The Neolithic Studies Group is a loose-knit collectivity of archaeologists, mainly from the British Isles and the Atlantic seaboard countries of Europe, with an interest in the Neolithic period. It was formed in the Spring of 1984, the first meeting being held in Cheltenham, Gloucestershire, UK. Since then, the Group has generally met twice a year: Spring and Autumn. The Autumn meetings are held in London and address a specific topical theme. Spring meetings are held outside London to examine at first hand the Neolithic remains of a defined area and consider recent research relevant to the region. Spring field meetings have included: western Ireland, south-east Scotland, eastern Scotland, north Wales, North Yorkshire and Humberside, Northumberland, Wessex, the Channel Islands, Sussex, Cambridge and Grimes Graves, Normandy, Isle of Mann, the Peak District, Caithness, Orkney and Brittany.

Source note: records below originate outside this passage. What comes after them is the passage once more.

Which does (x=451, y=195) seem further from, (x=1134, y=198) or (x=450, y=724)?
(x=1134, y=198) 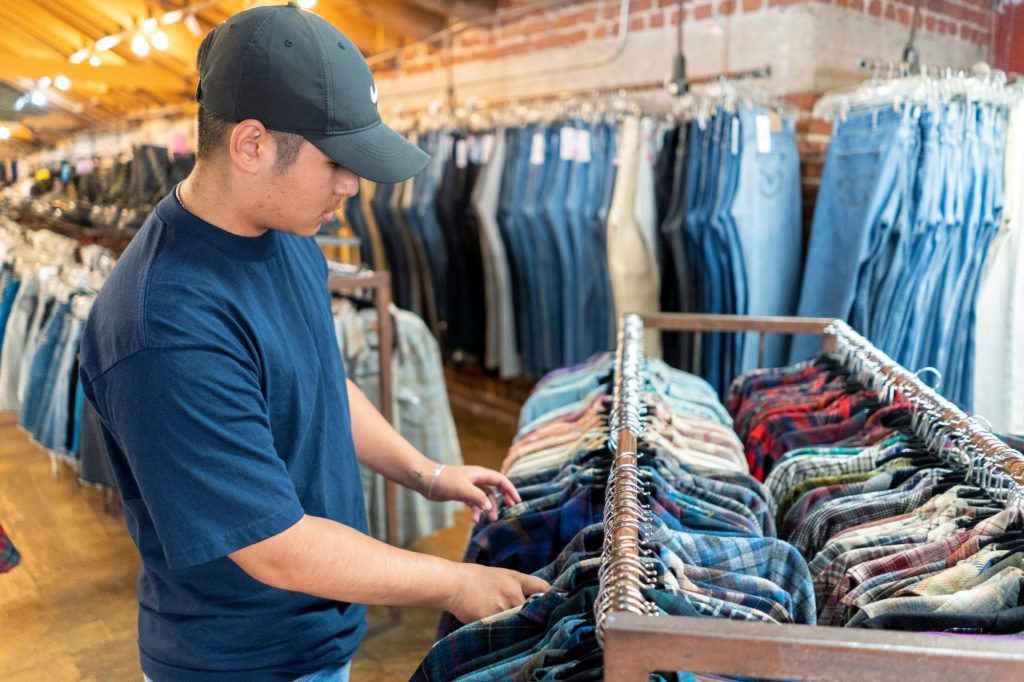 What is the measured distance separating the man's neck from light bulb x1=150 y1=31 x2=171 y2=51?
2117 millimetres

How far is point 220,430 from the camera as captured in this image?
0.96 m

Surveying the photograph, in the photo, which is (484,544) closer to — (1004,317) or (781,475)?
(781,475)

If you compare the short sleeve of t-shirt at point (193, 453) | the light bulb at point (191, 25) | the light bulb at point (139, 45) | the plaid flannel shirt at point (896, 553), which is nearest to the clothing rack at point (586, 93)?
the light bulb at point (191, 25)

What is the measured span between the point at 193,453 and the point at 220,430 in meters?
0.04

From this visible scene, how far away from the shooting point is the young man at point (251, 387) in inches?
38.2

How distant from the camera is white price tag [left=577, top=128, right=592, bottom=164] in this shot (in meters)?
3.60

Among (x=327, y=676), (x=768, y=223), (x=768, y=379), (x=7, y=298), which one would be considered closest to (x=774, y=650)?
(x=327, y=676)

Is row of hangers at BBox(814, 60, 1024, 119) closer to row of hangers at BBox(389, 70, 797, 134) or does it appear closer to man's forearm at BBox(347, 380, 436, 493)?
row of hangers at BBox(389, 70, 797, 134)

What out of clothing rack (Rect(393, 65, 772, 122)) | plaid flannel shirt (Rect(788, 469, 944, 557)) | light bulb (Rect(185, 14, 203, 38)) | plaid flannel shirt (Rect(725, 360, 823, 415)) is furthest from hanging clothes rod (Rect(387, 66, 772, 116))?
plaid flannel shirt (Rect(788, 469, 944, 557))

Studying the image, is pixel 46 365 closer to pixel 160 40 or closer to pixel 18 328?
pixel 18 328

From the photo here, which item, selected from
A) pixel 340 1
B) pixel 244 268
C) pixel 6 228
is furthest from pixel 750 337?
pixel 340 1

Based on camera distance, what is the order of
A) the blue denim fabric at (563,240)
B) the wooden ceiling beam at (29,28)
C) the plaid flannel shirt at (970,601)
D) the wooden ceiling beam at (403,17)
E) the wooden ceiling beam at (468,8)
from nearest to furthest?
1. the plaid flannel shirt at (970,601)
2. the wooden ceiling beam at (29,28)
3. the blue denim fabric at (563,240)
4. the wooden ceiling beam at (468,8)
5. the wooden ceiling beam at (403,17)

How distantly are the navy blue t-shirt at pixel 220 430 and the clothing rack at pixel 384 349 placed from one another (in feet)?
3.76

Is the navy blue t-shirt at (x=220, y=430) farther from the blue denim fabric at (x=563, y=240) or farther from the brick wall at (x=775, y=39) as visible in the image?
the brick wall at (x=775, y=39) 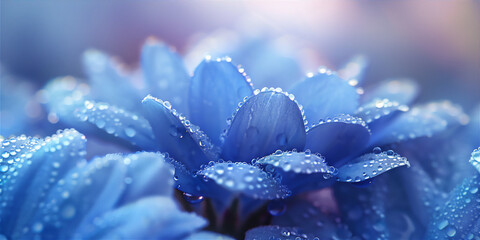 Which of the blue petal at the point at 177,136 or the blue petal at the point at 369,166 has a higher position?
the blue petal at the point at 177,136

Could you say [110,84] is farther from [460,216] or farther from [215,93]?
[460,216]

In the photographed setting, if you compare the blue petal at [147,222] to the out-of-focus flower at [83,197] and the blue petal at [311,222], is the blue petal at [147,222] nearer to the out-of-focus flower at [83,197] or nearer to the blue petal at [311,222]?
the out-of-focus flower at [83,197]

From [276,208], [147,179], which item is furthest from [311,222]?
[147,179]

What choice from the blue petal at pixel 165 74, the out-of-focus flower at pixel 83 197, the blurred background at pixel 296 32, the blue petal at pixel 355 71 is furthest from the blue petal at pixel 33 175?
the blurred background at pixel 296 32

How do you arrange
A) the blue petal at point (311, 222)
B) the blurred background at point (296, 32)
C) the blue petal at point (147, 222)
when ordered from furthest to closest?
1. the blurred background at point (296, 32)
2. the blue petal at point (311, 222)
3. the blue petal at point (147, 222)

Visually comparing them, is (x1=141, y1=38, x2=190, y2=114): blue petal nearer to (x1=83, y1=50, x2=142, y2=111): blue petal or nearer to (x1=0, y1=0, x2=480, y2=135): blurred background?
(x1=83, y1=50, x2=142, y2=111): blue petal

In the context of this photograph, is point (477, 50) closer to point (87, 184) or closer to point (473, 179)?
point (473, 179)

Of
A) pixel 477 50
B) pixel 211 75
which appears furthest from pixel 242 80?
pixel 477 50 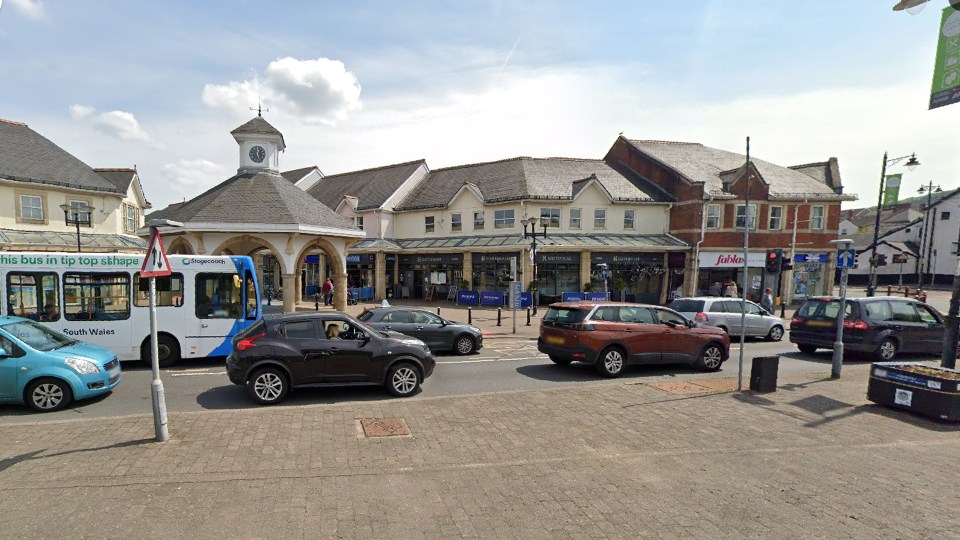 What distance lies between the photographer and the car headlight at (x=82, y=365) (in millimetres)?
7254

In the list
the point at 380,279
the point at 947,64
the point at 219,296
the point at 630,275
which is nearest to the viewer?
the point at 947,64

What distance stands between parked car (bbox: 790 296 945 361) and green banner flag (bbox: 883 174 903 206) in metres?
9.72

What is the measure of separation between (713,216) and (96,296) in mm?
30259

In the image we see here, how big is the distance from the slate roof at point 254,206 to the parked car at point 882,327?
1941 cm

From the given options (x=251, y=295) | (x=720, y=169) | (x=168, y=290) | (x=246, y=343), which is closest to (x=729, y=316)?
(x=246, y=343)

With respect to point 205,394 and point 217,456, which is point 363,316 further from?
point 217,456

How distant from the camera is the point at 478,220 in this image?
98.1 feet

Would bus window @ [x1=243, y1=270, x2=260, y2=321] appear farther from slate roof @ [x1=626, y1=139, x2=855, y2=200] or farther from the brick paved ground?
slate roof @ [x1=626, y1=139, x2=855, y2=200]

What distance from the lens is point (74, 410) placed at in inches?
285

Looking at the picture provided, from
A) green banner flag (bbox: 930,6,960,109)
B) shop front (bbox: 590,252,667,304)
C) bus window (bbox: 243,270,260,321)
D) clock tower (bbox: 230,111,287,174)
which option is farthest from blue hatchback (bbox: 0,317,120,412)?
shop front (bbox: 590,252,667,304)

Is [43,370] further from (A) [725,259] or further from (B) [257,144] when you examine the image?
(A) [725,259]

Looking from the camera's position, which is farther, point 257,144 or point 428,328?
point 257,144

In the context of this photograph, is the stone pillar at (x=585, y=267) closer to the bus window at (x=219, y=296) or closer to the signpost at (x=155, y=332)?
the bus window at (x=219, y=296)

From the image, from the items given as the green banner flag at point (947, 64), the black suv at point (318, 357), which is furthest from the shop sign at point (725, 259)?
the black suv at point (318, 357)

All the meetings depend for their success upon the efforts and enthusiasm of local organisers. The occasion of publishing this volume provides an appropriate opportunity to thank all those who have helped organise the Groups meetings in recent years.
Membership of the Neolithic Studies Group is open to anyone active in studying any aspect of the Neolithic period in Europe. The present membership list, which stands at around 250 individuals, includes: academic staff, researchers and students from universities and colleges in several European countries; museum curators and museum-based research and field staff; and field archaeologists from national and local government organisations and from archaeological trusts and units. There is no application procedure or subscription fee to join the Group; members are simply those currently on the mailing list. Anyone can ask to be added to the mailing list at any time, the only rule of the Group is that names are deleted from the list if the individual concerned misses four meetings in a row (ie. two years) and has not contacted the Group Co-ordinators asking to be kept on the list during that time.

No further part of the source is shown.